Dargestellt am Beispiel Steven Hawking, läuft das Verfahren folgendermaßen ab: Zuerst werden Vergleichsfälle ermittelt, die eine prominente Eigenschaft mit dem Suchobjekt teilen. Im Beispiel: Physiker. Diese Vergleichsfälle nennen die Forscher ‚Peers‘. Nun wird anhand der ‚Peers‘ eine Auswahl an positiven Annahmen über die Ausgangs-Entität erzeugt. Da die Physiker Albert Einstein und Richard Feynman den Nobelpreis gewonnen haben, könnte die Annahme Steven Hawking hat den Nobelpreis gewonnen, getroffen werden. Im Anschluss werden die neuen Annahmen mit den bereits vorhandenen Informationen über das Ausgangsobjekt in der Wissensdatenbank abgeglichen. Trifft eine Aussage auf einen ‚Peer‘, jedoch nicht auf das Suchobjekt zu, schließen die Forscher, dass es sich dabei um ein negatives Statement für das Suchobjekt handelt – also Steven Hawking hat nie den Nobelpreis gewonnen. Um die Aussagekraft der erzeugten negativen Statements zu bewerten, werden sie anhand verschiedener Parameter sortiert, zum Beispiel, wie oft sie in der Peer-Gruppe vorgekommen sind.
Als ein mögliches Anwendungsgebiet ihrer neuen Methode sehen die Forscher Empfehlungs-Systeme, wie sie in Internetshops oder auf Reiseportalen eingesetzt werden. „Bucht man online ein Hotel oder kauft ein Handy, könnte unser Ansatz verwandte Produkte miteinander vergleichen und zeigen, wie sie sich unterschieden. Also, dass es in Hotel A beispielsweise keinen Aufzug gibt, oder dass an Handy B der Kopfhöreranschluss fehlt“, sagt Simon Razniewski. „Das ist ein viel komfortabler und informativer, als wenn man diese Informationen selbst aus einer langen Liste von positiven Aussagen ableiten muss”, ergänzt Raznieswki. In Zukunft möchte seine Forschungsgruppe den Ansatz verfeinern, um nuanciertere negative Aussagen erzeugen und implizite negative Aussagen erkennen zu können.

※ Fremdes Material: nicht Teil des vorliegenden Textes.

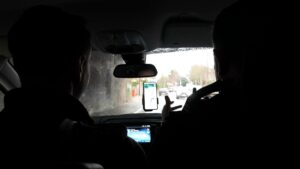 De inzet van de Britse overheid tegen illegale migratie: een diepgaande analyse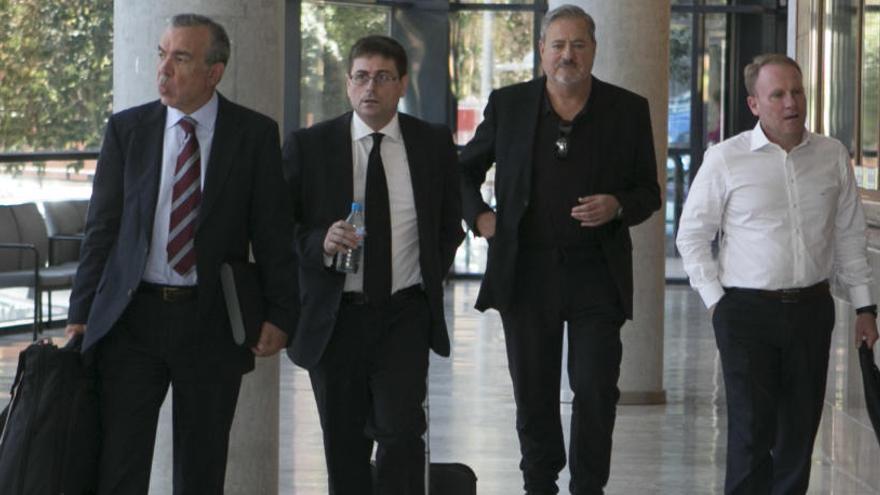 Roberto López Abad y Antonio Gil-Terrón, con sus abogados.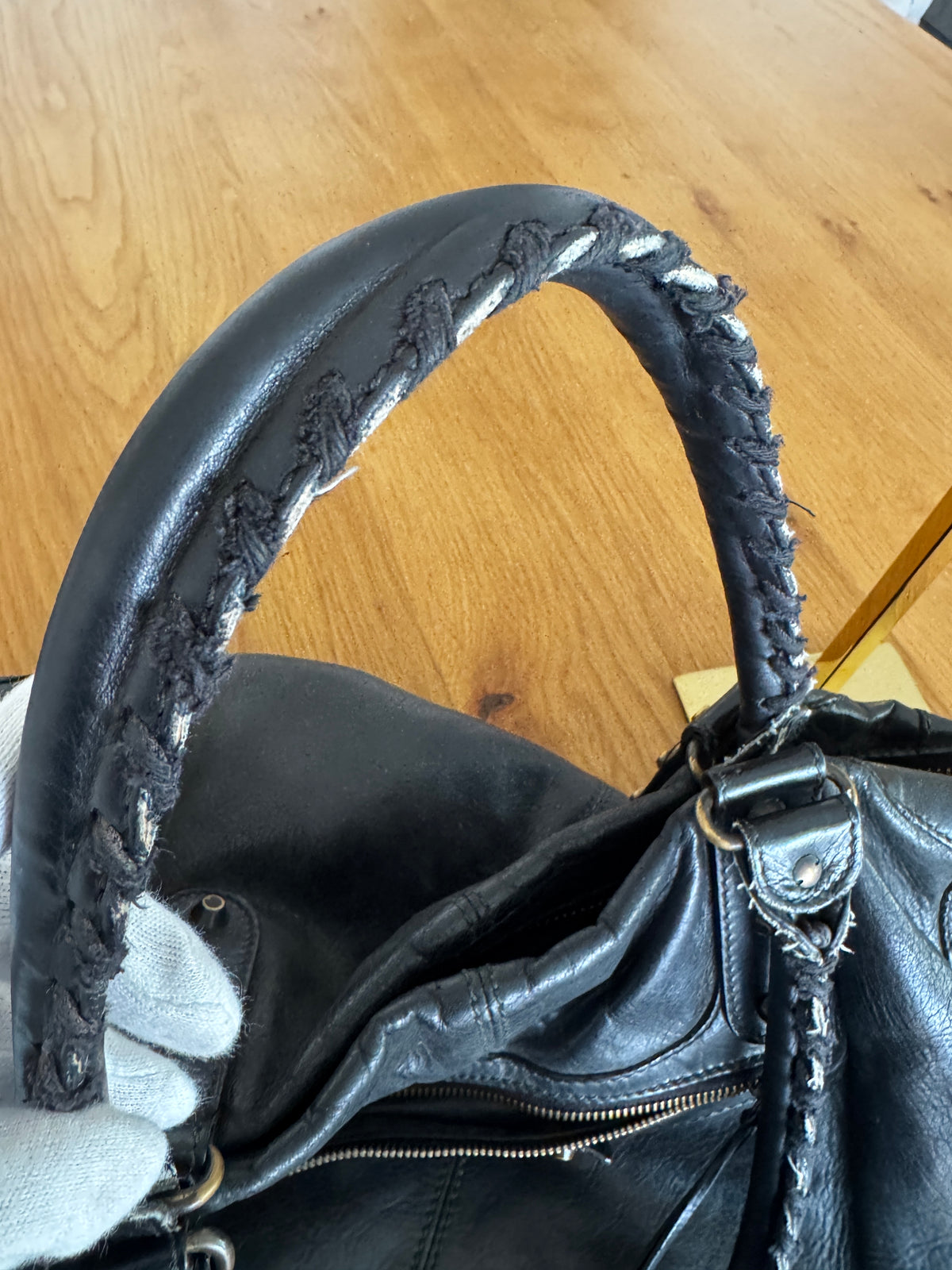 Balenciaga City Weekender in Pelle di Agnello Nera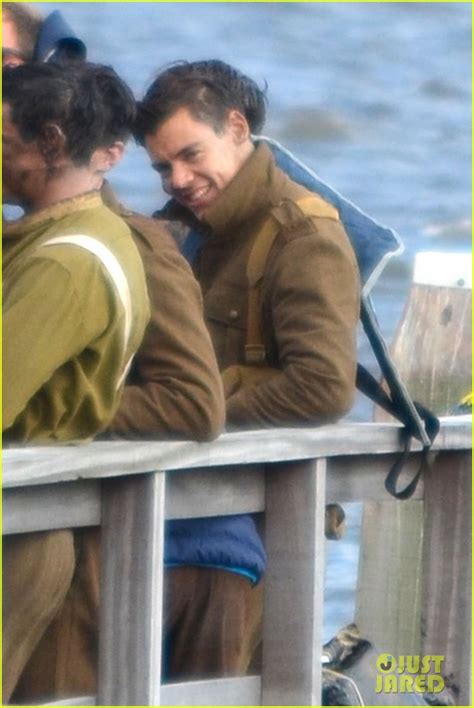 Harry Styles Shows Off His Short Hair on 'Dunkirk' Set: Photo 3703147 ...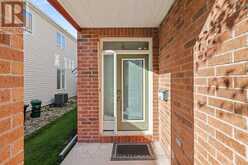 768 WHITE ALDER AVENUE | Ottawa Ontario | Slide Image Five
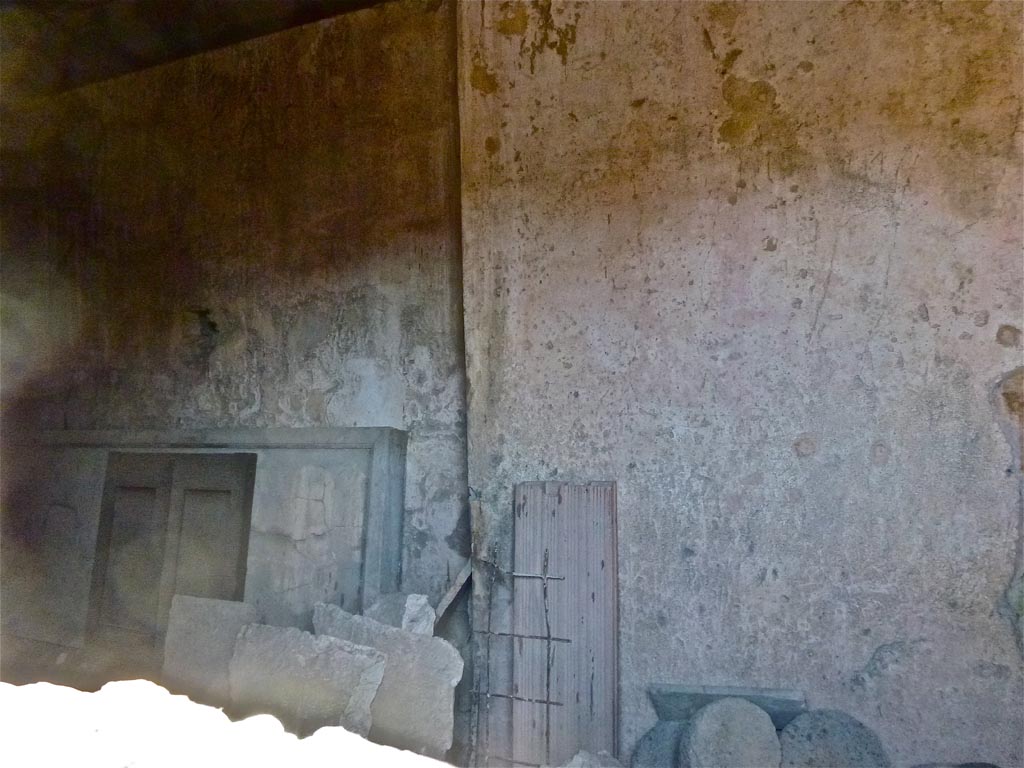 VII.5.8 Pompeii. June 2012. Looking south-east from window across vestibule (no. 44). Photo courtesy of Michael Binns.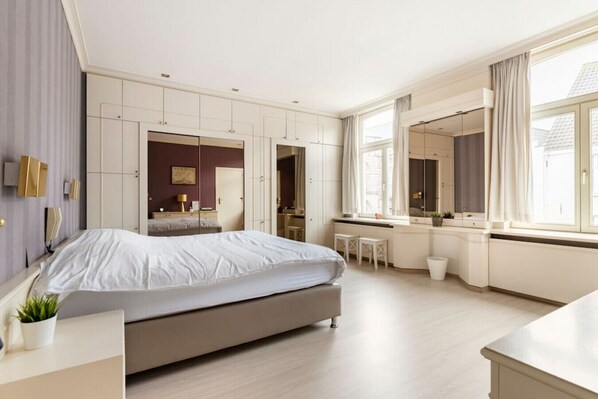 1 chambre, bureau, fer et planche à repasser, lit parapluie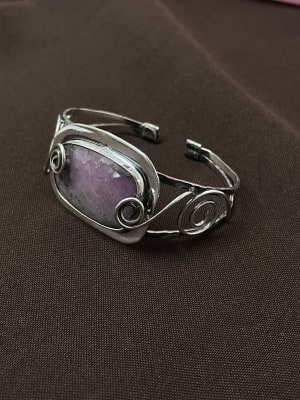 Brazalete de plata grande diseño  de cuarzo rosado1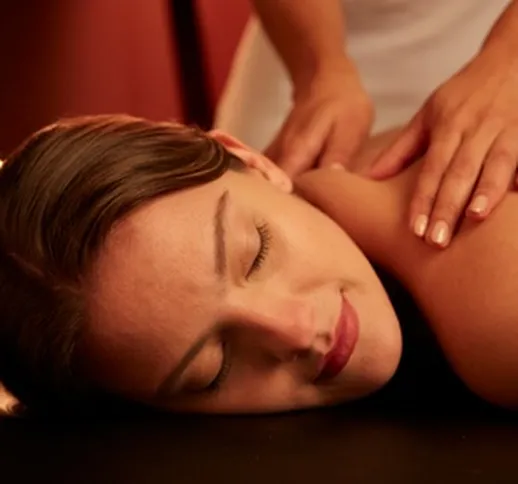 3 o 5 massaggi da 45 minuti a scelta da  (sconto fino a 70%)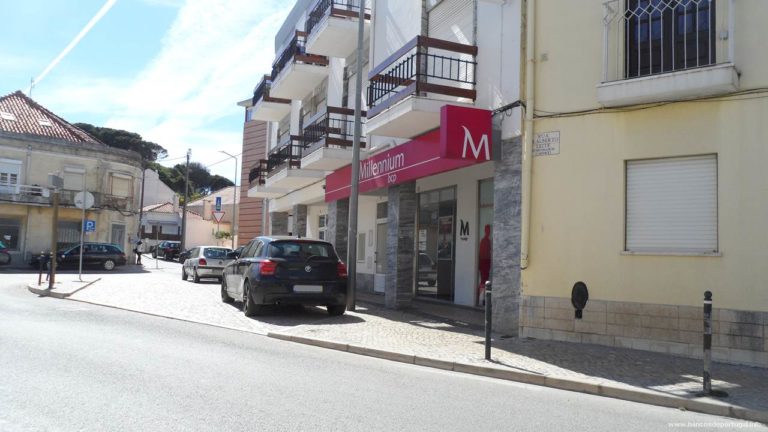 Banco Millennium Bcp no Largo Capitães de Abril em Santana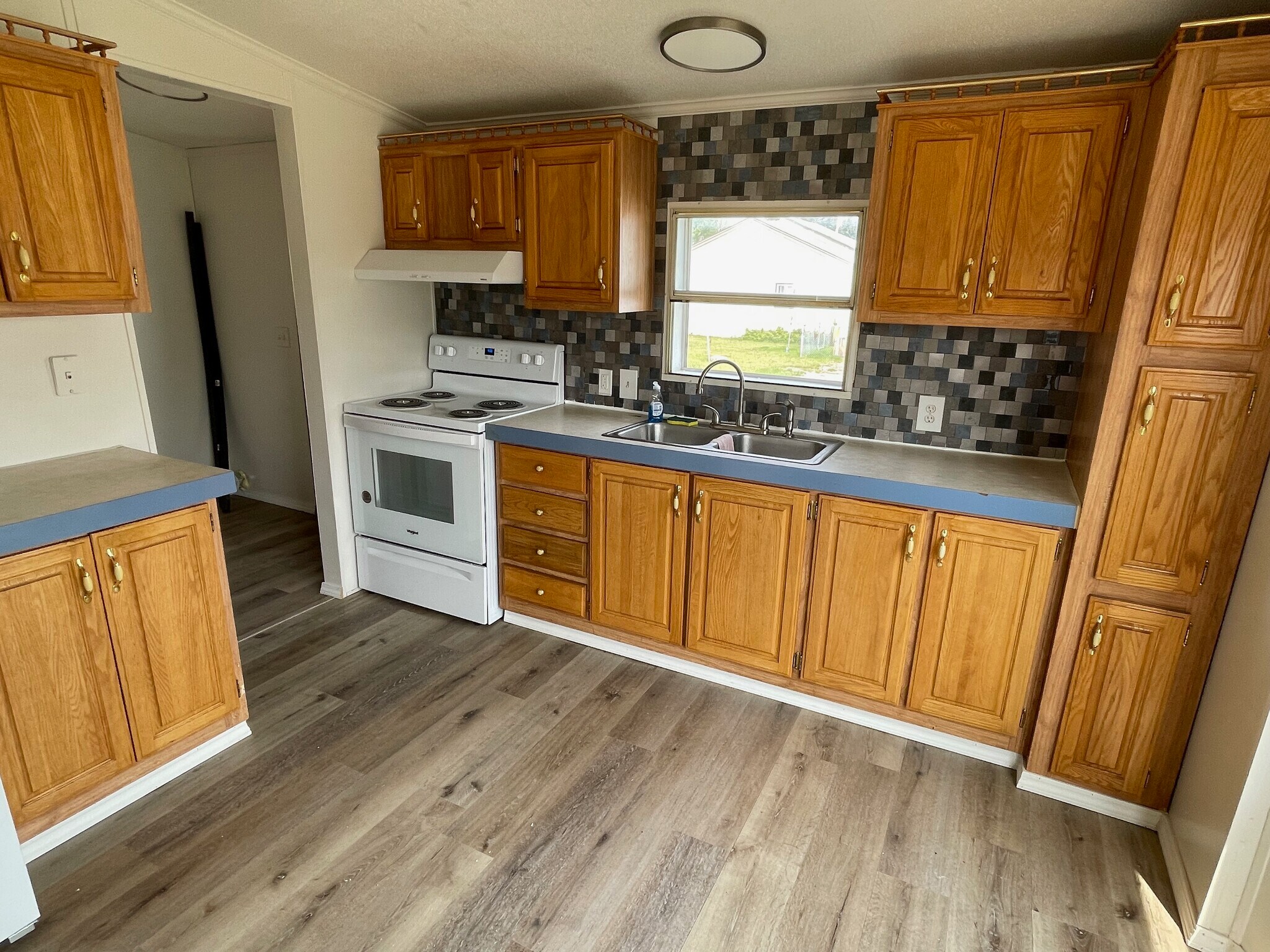 Kitchen & Mud Room beyond - 2656 S Montana St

Hintergrund Saarland Informatics Campus:
800 Wissenschaftlerinnen und Wissenschaftler und rund 2100 Studierende aus mehr als 80 Nationen machen den Saarland Informatics Campus (SIC) zu einem der führenden Standorte für Informatik in Deutschland und Europa. Fünf weltweit angesehene Forschungsinstitute, nämlich das Deutsche Forschungszentrum für Künstliche Intelligenz (DFKI), das Max-Planck-Institut für Informatik, das Max-Planck-Institut für Softwaresysteme, das Zentrum für Bioinformatik und das Cluster für „Multimodal Computing and Interaction“ sowie die Universität des Saarlandes mit drei vernetzten Fachbereichen und 21 Studiengänge decken das gesamte Themenspektrum der Informatik ab.
Förderung:
Die Deutsche Forschungsgemeinschaft (DFG) fördert das Projekt unter dem Titel „Webskalierendes negatives Wissen“ über die nächsten drei Jahre mit 312.000 Euro.